• [TASK TO COMPLETE]
Your output should be the lines below from the one holding "OLD PARCEL STRAPPING TOOL" through the one holding "Utility room, utility", transcribed exactly, with no pictures.

Items from a dataset

- - - - -

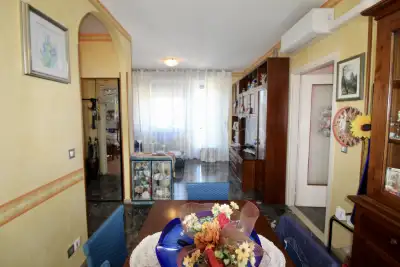 Casa in vendita, Via Montello, Pordenone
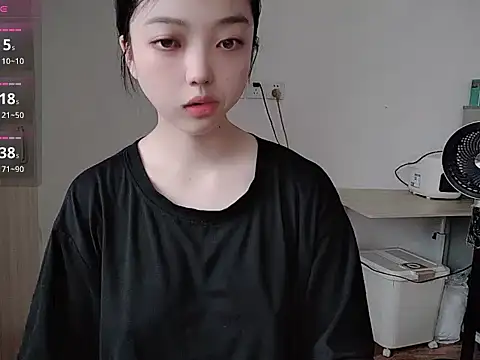 oblakitty  online show from July 11, 1:28 am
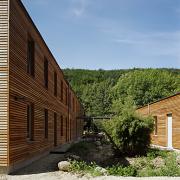 ArchitektInnen / KünstlerInnen: Georg W. Reinberg, Anna Detzlhofer<br>Projekt: Biotop 2<br>Aufnahmedatum: 08/03<br>Format: 6x9cm C-Dia<br>Lieferformat: Dia-Duplikat, Scan 300 dpi<br>Bestell-Nummer: 030827-15<br>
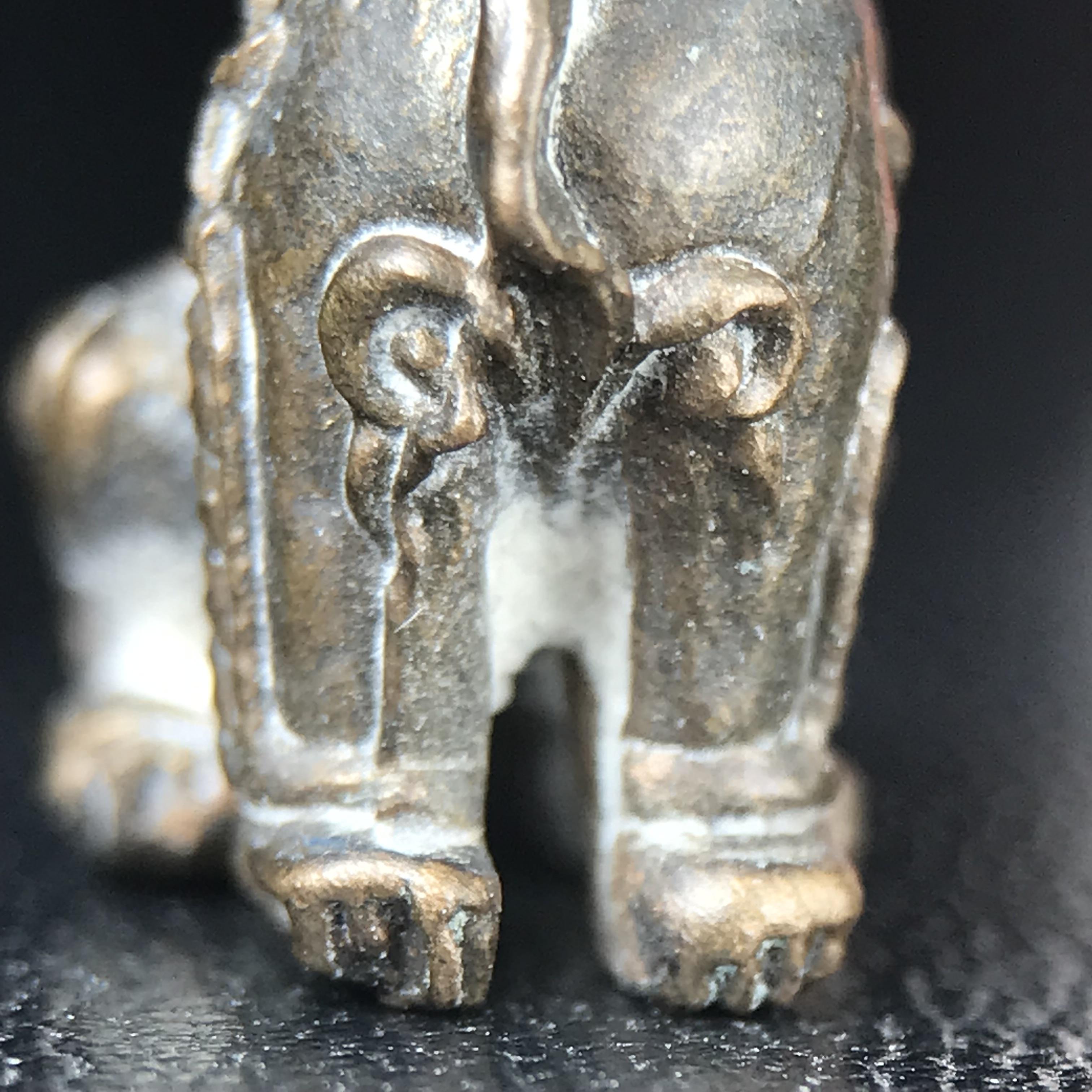 สิงห์เจ้าพ่อดำ วัดบุพพาราม จ.เชียงใหม่ ปี 2518 เนื้อนวโลหะ(ตอก 2 โค๊ต)หายาก(สภาพผิวเดิมสวยเดิมกล่องครบ) สิงห์รุ่นนี้มีพิธีดีมีเกจิอาจารย์ที่ร่วมปลุกเสกมากมาย****เครื่องราง ที่พระบาทสมเด็จพระเจ้าอยุ่รัชกาลที่ ๙ ทรงเสด็จฯประกอบพิธีด้วยพระองค์เอง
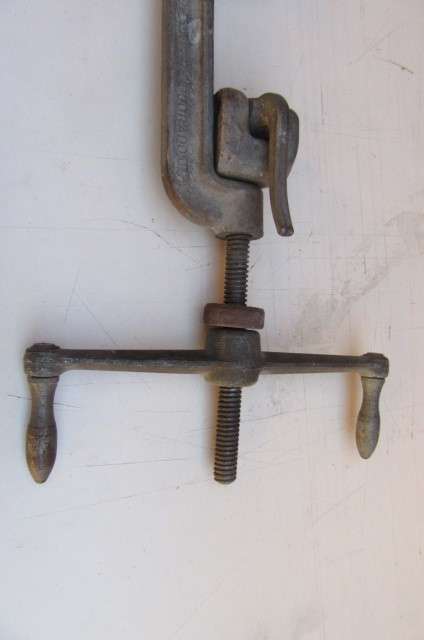 OLD PARCEL STRAPPING TOOL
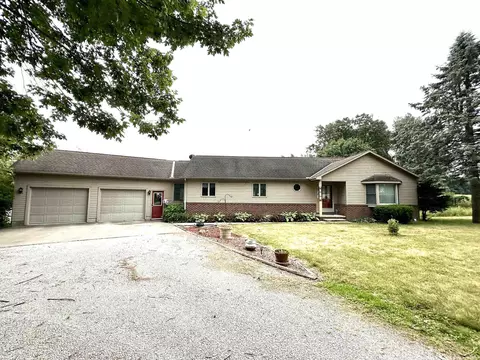 7152 S 100 Rd, Claypool, IN 46510 photo 1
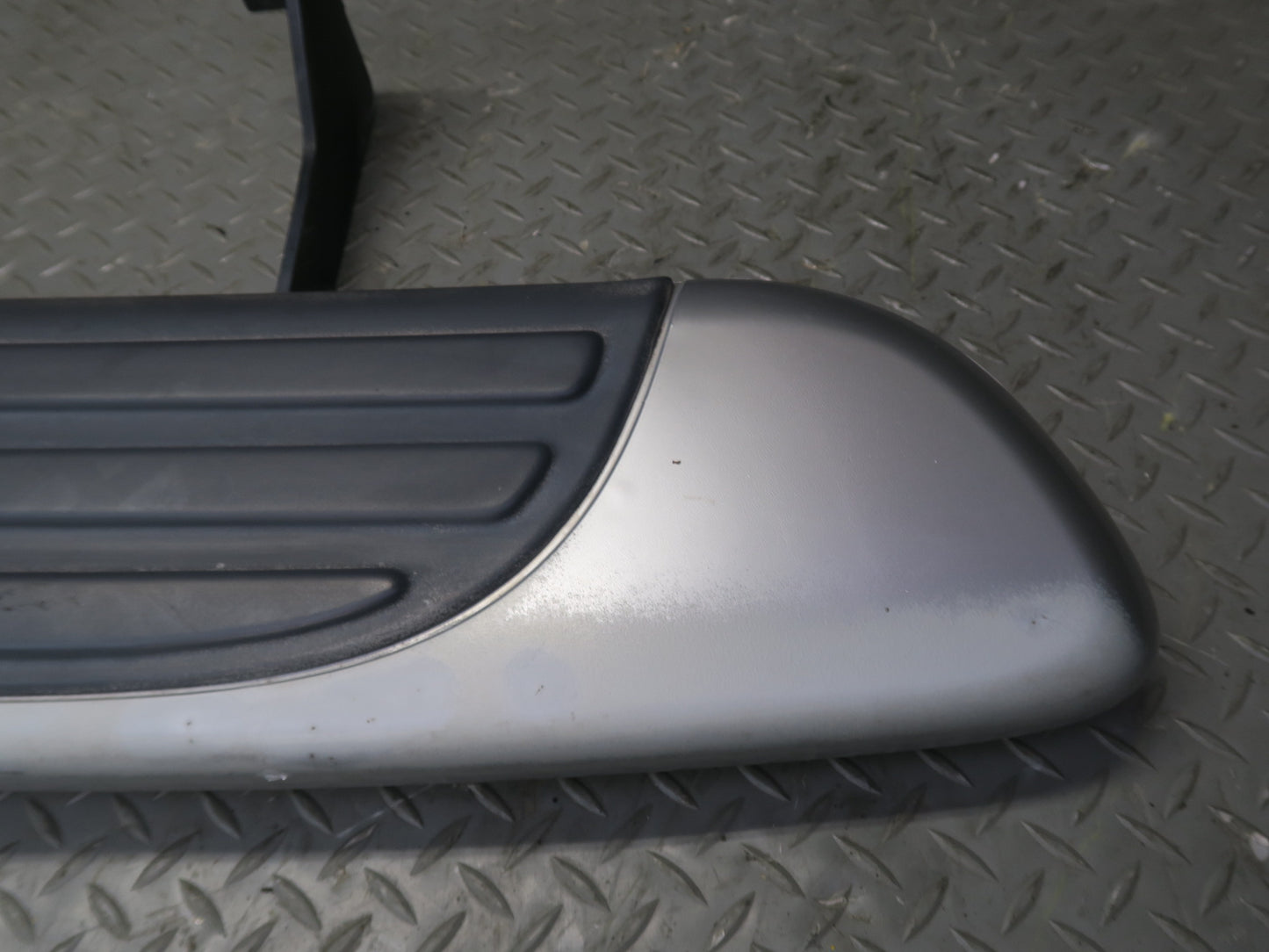 03-06 Chevrolet SSR Set of 2 Left & Right Running Board Silver w Mounts OEM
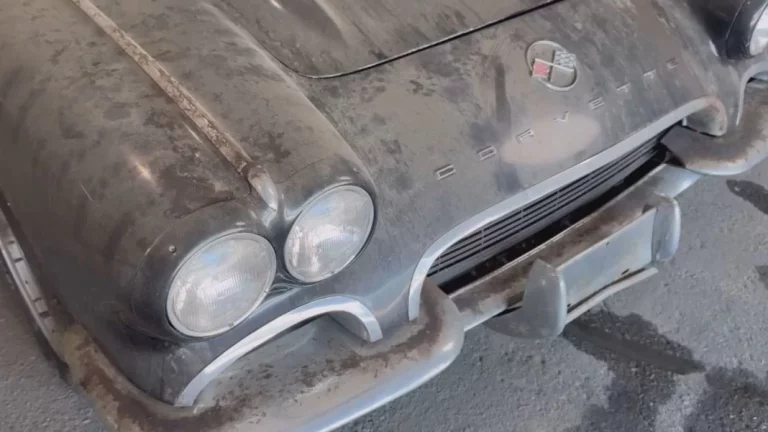 Este Corvette de 1962 recibe su primera ducha en 30 años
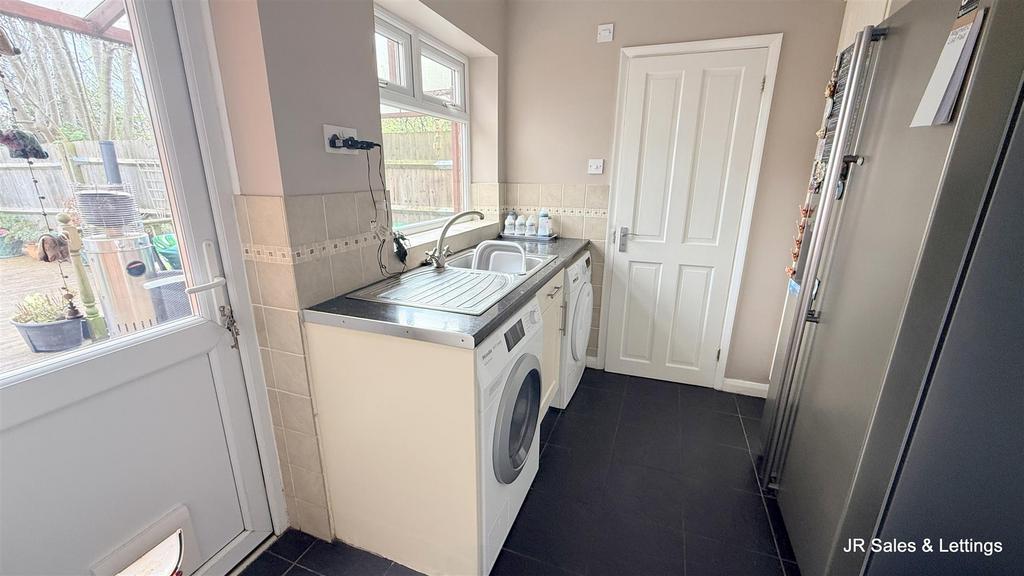 Utility room, utility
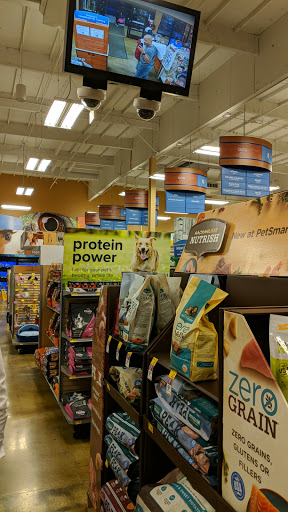 Pet Supply Store «PetSmart», reviews and photos, 19320 Nordhoff Way, Northridge, CA 91324, USA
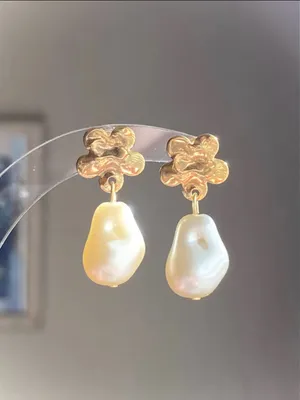 Handmade gold stainless flower acrylic baroque pearl dangle dangle earrings🌼 thumbnail 1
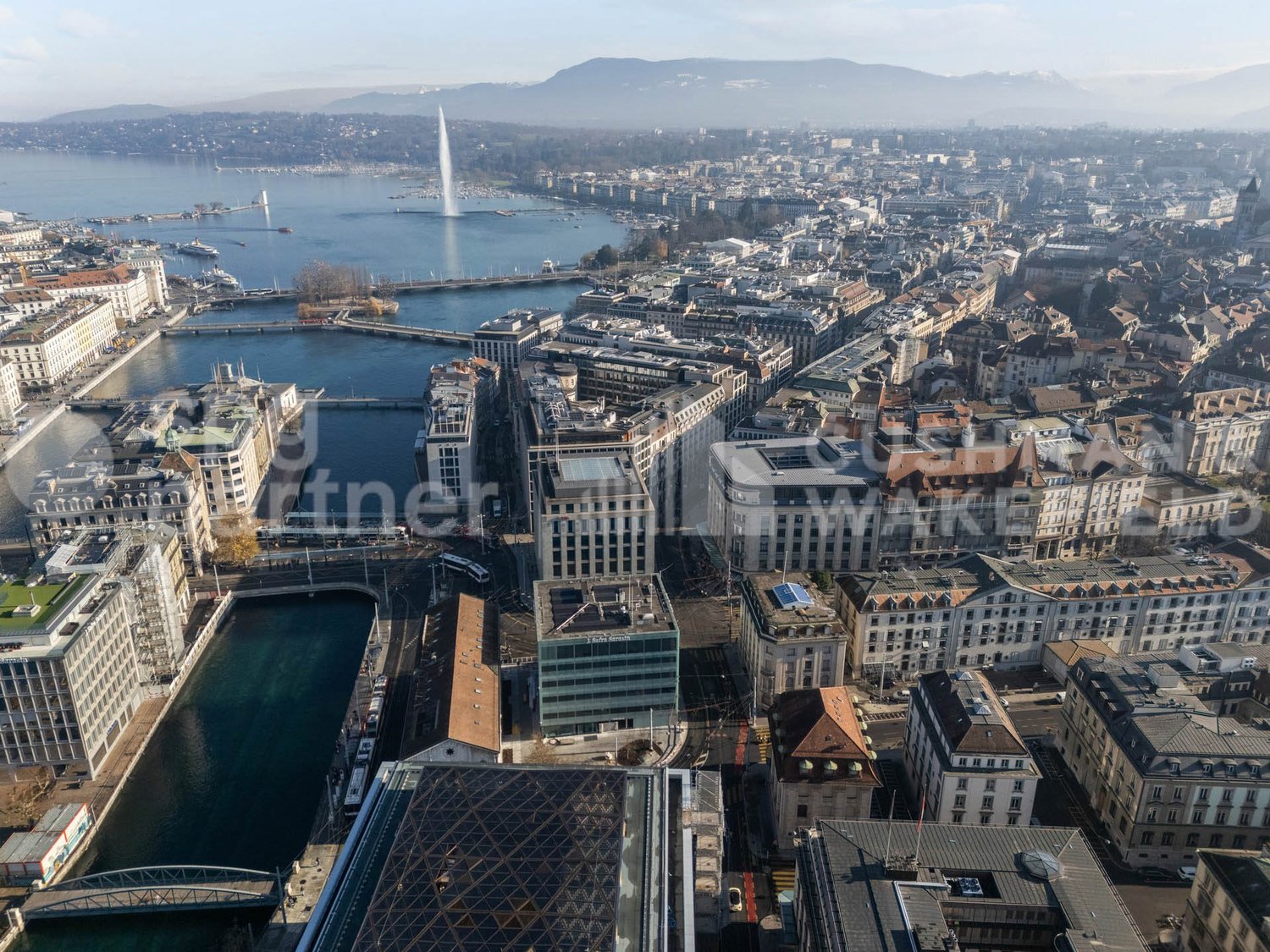 925m² office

- - - - -

• [RESULT OF THIS TASK]
 OLD PARCEL STRAPPING TOOL
 7152 S 100 Rd, Claypool, IN 46510 photo 1
 03-06 Chevrolet SSR Set of 2 Left & Right Running Board Silver w Mounts OEM
 Este Corvette de 1962 recibe su primera ducha en 30 años
 Utility room, utility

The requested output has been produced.